Player and association criticism of overload and motives around new formats (including Club World Cup):
ESPN: "Klopp: expanded Club World Cup is football's worst idea" (28.06.2025)
Al Jazeera: "Players hit back at FIFA and Infantino after Club World Cup" (25.07.2025)Even national associations warn of imbalances: record prize money sounds like wealth – but costs, taxes, travel spirals can eat that up.
The Guardian: "European countries fear playing in World Cup will mean financial loss" (26.02.2026)
This is the "bread and circuses" moment of the present: ever-bigger shows – and ever more actors wondering whether the sport still follows the business or vice versa has long since taken over.
The Embarrassing Pandering: Infantino as Stage Figure from Putin to Trump
When money drives the system, proximity to power becomes currency. And precisely here it becomes particularly unsavory under Infantino: not diplomatically distant, but often demonstrative.
Putin
Infantino met Putin in the Kremlin – officially as a conversation about football.

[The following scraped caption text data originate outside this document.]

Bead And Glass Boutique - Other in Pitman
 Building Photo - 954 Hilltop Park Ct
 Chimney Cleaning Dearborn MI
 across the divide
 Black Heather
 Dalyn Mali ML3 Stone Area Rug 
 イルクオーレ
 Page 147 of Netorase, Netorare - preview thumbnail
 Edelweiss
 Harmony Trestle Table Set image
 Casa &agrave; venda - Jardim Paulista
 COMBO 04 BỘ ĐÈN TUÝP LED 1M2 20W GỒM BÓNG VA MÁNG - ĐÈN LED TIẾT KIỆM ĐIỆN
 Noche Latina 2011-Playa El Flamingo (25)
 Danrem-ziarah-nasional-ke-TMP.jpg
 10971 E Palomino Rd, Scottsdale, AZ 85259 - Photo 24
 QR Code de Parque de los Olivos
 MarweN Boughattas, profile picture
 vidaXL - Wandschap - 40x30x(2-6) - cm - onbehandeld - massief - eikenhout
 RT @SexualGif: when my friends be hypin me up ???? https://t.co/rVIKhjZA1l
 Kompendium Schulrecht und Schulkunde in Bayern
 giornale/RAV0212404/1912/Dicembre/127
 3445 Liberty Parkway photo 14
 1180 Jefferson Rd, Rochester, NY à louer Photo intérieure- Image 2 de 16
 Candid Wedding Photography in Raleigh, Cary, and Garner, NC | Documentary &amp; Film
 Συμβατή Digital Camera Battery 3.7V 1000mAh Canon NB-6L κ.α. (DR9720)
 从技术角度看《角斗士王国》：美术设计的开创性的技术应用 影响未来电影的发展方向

Symbolically, it's a photo of proximity that can always be read as legitimation in authoritarian systems.
Source: Kremlin.ru: "Meeting with FIFA President Gianni Infantino" (23.05.2019)
Supplementary (FIFA's own presentation): FIFA: "Infantino and Putin discuss World Cup legacy…" (20.02.2019)
Trump
With Trump, the staging is even more open: task force politics, Oval Office photos, mutual PR.
Source: White House: "FIFA World Cup 2026 Task Force"
Currently, criticism escalated when Infantino appeared prominently at a Trump "Board of Peace" event – and even the IOC felt examination/evaluation pressure.
Sources: AP: "Olympic body to look at Infantino's political neutrality…" (20.02.2026) · Reuters: "IOC chief Coventry… will look into matter" (20.02.2026)
One can sell this as "realpolitik." But one can also simply call it embarrassing: FIFA as a global spectacle whose president docks onto strong men because power always also means protection, access, and stage.
Conclusion: Bread and Circuses Work – But They Poison Football
The NZZ and FAZ texts from 2016 show a turning point: reform will, new structures, new faces. Ten years later, the fundamental problem is unchanged and visible:
- Too much money creates incentives for corruption.
- Too much money drives expansion, overload, and alienation.
- Too much money makes the president a lobbyist for the show – and susceptible to political pandering.
If FIFA really wants to "restore its reputation," reform PR isn't enough. Then it would have to limit the money logic itself: transparent awards, genuine independent control, less tournament inflation, clear compliance – and above all, distance from the power stage.
Otherwise, football remains what "bread and circuses" always were: a spectacle that stabilizes, distracts – and collects the price elsewhere.